● **To do**: Copy the records below, from the line containing "Double Single Economy" through the last line; leave out pictures.

● **Given data**:

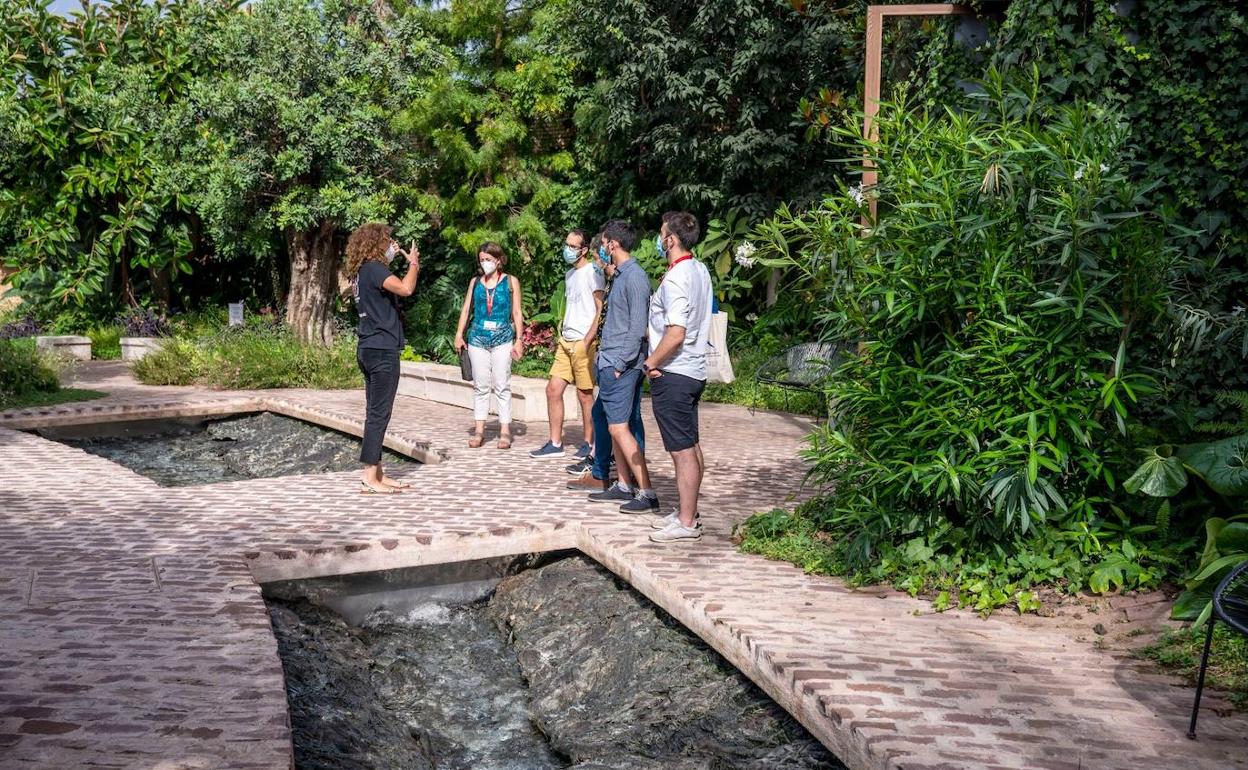 Visita guiada por el jardín de Bombas Gens. 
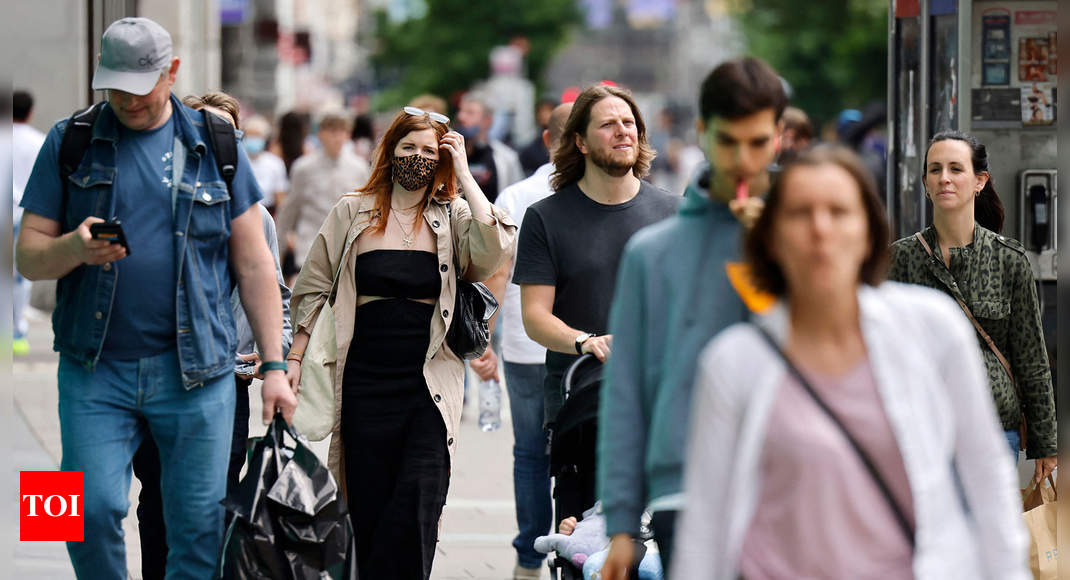 Face masks may become personal choice as UK lifts lockdown - Times of India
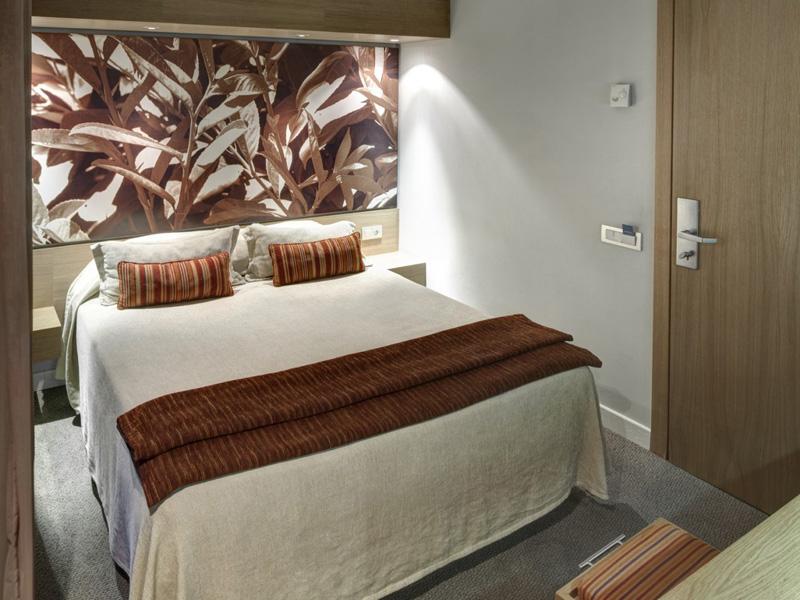 Double Single Economy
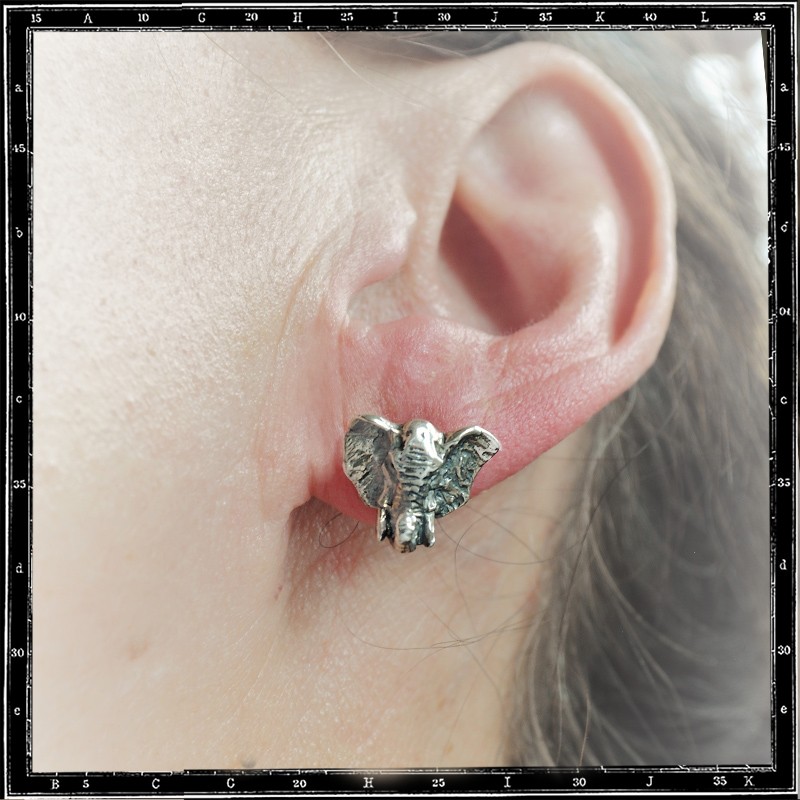 ELEPHANT STUD EARRING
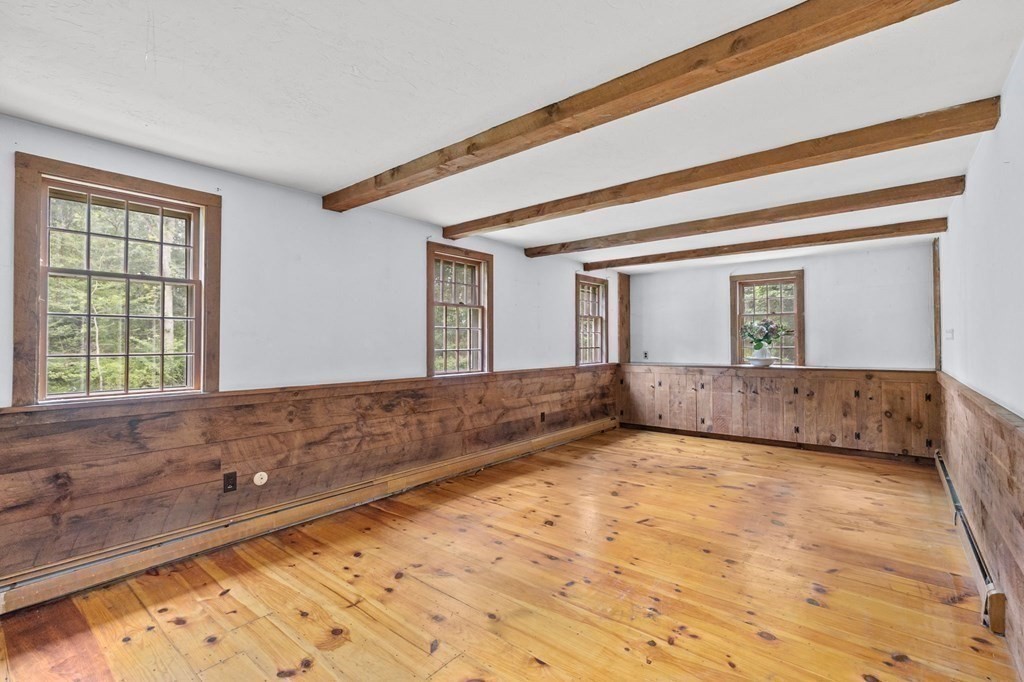 7 Conihasset Road Scituate, MA 02066 - Photo 15 of 34 a view of an empty room and window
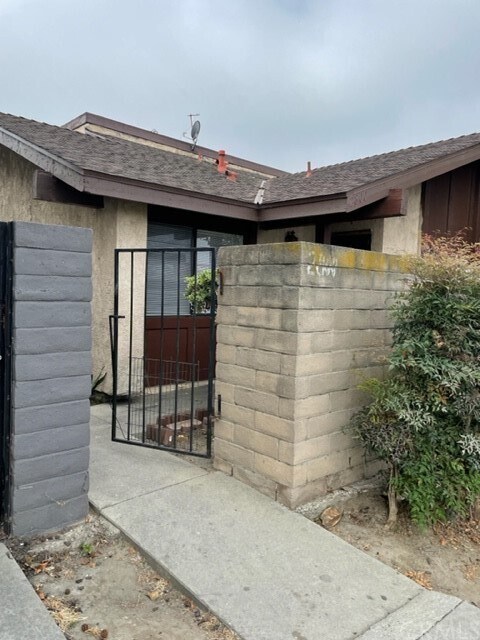 Primary Photo - 2800 South St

● **Task solution**:
 Double Single Economy
 ELEPHANT STUD EARRING
 7 Conihasset Road Scituate, MA 02066 - Photo 15 of 34 a view of an empty room and window
 Primary Photo - 2800 South St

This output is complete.